Saya memang belum membaca Lara Tawa Nusantara, tapi saya membaca beberapa resensi tentangnya. Dalam beberapa resensi yang saya baca, saya menemukan beberapa cerita yang sama dengan cerita yang ada di Indonesia dari Pinggir. Misalnya, tentang Suku Dayak di Kalimantan—yang mendapat stigma menakutkan dari orang Barat macam Carl Bock bahwa suku-suku yang mendiami pedalaman Kalimantan dan hidup di tepi sungai-sungai lebar itu pemenggal kepala.
Atau kisah tentang Kusasi, sosok orangutan yang pernah merangkul aktris Hollywood papan atas, Julia Roberts, di Camp Leakey di pedalaman Kalimantan Tengah dalam esai “Pertarungan Terakhir”. Juga mungkin, dalam Lara Tawa Nusantara, ada beberapa tulisan yang pernah diterbitkan di DestinAsia Indonesia—dalam versi yang lebih pendek, tentu saja.
Buku Indonesia dari Pinggir dibagi menjadi dua bab. Bab pertama berisi delapan esai; dan bab kedua berisi tujuh esai. Bab satu diberi tajuk “Membelakangi Timur”; sedangkan bab dua judul “Di Tengah Pusaran Angin” disematkan. Saya tak paham maksud penulis memberi judul demikian, tapi saya menduga bahwa itu berkaitan dengan isi tulisan di masing-masing bab. Misalnya, “Membelakangi Timur” karena isi tulisannya memang menyangkut perihal wilayah Timur Indonesia.
Namun, terlepas dari soal-soal di atas, buku ini bagi saya adalah teropong lain yang memperlihatkan kepada kita betapa banyak tempat—menjambret bahasa yang sering Fatris gunakan—yang seperti tak tergambar dalam peta, bahkan Google saja tidak mampu menerangkannya, karena saking tak berartinya bagi kita.

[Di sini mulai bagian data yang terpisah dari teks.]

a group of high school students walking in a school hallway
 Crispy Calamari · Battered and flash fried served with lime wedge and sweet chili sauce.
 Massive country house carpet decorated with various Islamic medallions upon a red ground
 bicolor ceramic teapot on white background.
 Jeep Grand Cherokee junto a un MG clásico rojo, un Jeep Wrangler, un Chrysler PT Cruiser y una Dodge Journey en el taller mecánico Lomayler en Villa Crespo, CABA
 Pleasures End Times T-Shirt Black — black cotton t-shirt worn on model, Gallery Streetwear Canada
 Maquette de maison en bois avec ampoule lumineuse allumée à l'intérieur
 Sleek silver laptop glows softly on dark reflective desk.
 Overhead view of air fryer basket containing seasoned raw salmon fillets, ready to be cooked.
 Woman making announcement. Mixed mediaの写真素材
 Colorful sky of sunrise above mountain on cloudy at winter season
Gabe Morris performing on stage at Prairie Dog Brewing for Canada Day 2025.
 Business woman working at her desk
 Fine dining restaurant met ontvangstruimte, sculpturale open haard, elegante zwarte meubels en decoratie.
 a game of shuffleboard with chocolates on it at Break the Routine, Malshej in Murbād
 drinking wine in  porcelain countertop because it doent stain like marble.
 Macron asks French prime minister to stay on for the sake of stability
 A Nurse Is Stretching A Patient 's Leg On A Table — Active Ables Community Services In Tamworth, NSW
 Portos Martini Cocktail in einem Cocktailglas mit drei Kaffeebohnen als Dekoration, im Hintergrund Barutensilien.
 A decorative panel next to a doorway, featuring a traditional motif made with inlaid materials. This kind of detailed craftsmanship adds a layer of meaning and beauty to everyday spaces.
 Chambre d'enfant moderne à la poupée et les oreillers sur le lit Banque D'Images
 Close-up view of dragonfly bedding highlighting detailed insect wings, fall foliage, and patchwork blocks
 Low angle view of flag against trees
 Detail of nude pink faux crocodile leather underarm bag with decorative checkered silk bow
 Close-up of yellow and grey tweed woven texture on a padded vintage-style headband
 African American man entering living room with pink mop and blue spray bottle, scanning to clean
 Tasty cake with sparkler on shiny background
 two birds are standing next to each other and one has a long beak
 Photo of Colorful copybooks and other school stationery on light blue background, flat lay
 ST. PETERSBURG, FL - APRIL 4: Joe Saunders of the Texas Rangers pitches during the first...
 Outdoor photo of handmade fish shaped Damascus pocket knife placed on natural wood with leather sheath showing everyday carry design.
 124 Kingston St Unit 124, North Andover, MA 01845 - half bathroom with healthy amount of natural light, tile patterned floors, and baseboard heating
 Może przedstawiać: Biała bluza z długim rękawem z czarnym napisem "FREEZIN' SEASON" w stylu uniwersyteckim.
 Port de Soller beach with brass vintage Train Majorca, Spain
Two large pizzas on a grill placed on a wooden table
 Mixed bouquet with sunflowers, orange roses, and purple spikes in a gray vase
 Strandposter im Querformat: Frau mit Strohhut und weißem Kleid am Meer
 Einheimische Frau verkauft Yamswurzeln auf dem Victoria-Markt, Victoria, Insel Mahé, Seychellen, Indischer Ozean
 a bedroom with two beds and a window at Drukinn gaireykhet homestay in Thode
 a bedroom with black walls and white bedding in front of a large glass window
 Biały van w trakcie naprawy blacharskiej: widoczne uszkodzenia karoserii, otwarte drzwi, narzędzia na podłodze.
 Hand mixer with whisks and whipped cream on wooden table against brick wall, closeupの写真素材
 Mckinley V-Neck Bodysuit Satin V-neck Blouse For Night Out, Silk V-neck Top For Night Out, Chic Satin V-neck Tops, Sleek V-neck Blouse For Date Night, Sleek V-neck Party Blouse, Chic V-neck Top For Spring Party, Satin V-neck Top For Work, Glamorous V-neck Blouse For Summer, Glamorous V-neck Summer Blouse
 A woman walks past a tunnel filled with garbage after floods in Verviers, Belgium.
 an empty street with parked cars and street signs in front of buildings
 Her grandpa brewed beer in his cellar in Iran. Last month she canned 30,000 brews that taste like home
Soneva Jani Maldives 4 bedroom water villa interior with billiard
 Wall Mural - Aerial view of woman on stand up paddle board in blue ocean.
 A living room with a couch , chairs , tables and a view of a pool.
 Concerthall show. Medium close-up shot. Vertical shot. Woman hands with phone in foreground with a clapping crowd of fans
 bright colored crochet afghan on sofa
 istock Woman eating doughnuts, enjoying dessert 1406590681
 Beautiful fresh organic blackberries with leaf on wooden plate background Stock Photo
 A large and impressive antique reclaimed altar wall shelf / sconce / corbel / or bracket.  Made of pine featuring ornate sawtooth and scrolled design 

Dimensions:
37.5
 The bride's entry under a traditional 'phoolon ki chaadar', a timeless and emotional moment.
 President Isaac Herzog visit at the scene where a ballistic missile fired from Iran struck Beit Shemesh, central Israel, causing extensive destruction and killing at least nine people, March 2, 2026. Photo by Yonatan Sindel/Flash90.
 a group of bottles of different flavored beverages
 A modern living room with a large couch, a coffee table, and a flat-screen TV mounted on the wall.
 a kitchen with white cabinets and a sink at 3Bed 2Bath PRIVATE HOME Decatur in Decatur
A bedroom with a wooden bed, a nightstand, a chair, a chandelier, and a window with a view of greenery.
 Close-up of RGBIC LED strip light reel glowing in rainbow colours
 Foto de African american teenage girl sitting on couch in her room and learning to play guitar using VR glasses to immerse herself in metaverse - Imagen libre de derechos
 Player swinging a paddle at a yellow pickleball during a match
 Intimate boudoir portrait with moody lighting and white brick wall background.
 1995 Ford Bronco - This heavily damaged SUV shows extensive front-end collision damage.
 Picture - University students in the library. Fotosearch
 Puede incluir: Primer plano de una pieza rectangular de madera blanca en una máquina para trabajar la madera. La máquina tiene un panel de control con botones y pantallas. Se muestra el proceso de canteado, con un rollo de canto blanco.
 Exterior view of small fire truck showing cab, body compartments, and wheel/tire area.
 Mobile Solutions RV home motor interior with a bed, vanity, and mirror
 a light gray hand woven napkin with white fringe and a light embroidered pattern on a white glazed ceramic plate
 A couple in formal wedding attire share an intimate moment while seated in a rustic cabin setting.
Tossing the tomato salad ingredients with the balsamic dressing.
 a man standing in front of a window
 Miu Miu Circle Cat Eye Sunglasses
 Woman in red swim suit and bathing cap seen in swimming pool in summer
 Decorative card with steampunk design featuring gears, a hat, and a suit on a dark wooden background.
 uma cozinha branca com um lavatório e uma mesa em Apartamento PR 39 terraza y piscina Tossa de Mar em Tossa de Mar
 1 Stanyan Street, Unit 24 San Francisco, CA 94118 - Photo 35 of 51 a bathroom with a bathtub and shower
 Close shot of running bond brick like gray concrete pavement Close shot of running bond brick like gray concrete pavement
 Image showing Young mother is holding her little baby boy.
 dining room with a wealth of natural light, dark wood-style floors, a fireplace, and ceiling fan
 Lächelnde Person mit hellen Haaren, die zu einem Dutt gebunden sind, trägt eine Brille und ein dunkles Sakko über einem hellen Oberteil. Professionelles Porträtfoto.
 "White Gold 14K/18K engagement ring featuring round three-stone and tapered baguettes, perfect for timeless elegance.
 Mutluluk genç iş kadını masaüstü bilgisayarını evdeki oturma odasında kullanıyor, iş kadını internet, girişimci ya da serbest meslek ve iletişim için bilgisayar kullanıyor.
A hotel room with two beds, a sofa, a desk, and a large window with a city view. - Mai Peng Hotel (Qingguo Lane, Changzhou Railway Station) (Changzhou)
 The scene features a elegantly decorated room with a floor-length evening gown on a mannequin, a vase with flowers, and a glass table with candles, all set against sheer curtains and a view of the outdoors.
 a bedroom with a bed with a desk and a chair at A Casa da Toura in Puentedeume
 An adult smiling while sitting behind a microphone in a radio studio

Dalam buku ini, banyak nama tempat yang asing dan terdengar aneh di telinga, seperti Kobror—pulau yang teronggok di tengah kungkungan Laut Aru (Arafura), kata Fatris, Dobo, Mamasa, dan nama-nama manusia yang terdengar tak kalah anehnya. Misalnya dalam esai “Tarian Kematian” yang membahas tentang Suku Dayak Tomun di Kalimantan, Anda akan menemukan lelaki yang bernama Kakap, Mesin, Ponten, Yamaha, Arab… “Orang-orang di sini tidak pernah pusing mencari nama untuk anaknya,” kata Kakap, sebagaimana dituliskan Fatris dalam esai tersebut.
Indonesia dari Pinggir, seperti buku atlas, membawa kita menjelajah Indonesia bagian Timur yang tak terbayangkan, dari wilayah Nusa Tenggara Timur, Larantuka, Sumba, Lembata, Ruteng, sampai ke Timor Timur; lalu melompat ke Ambon, Buru, Kobror, Kampung Bira, Mandar, Toraja, Mamasa, Wakatobi, sampai pedalaman hutan Kalimantan. Semua tempat yang disebutkan memiliki kisah, sejarah, dan budaya masing-masing. Tempat-tempat ini seperti bercerita dengan duka, tawa, dan ironinya. Ironi?
Jangan tertipu, meski ini buku tentang perjalanan, alih-alih mendapatkan gambaran tentang keindahan atau eksotisme sebuah pulau, misalnya, sebagaimana yang tergores dalam kanvas Hindia Molek, gambaran haru-biru orang Eropa tentang eksotisme Timur, Anda justru akan mendapat sesuatu di baliknya—sesuatu yang membuat kuduk berdiri, rasa simpati yang halus menelusup, keheranan, renungan, dan tawa yang getir.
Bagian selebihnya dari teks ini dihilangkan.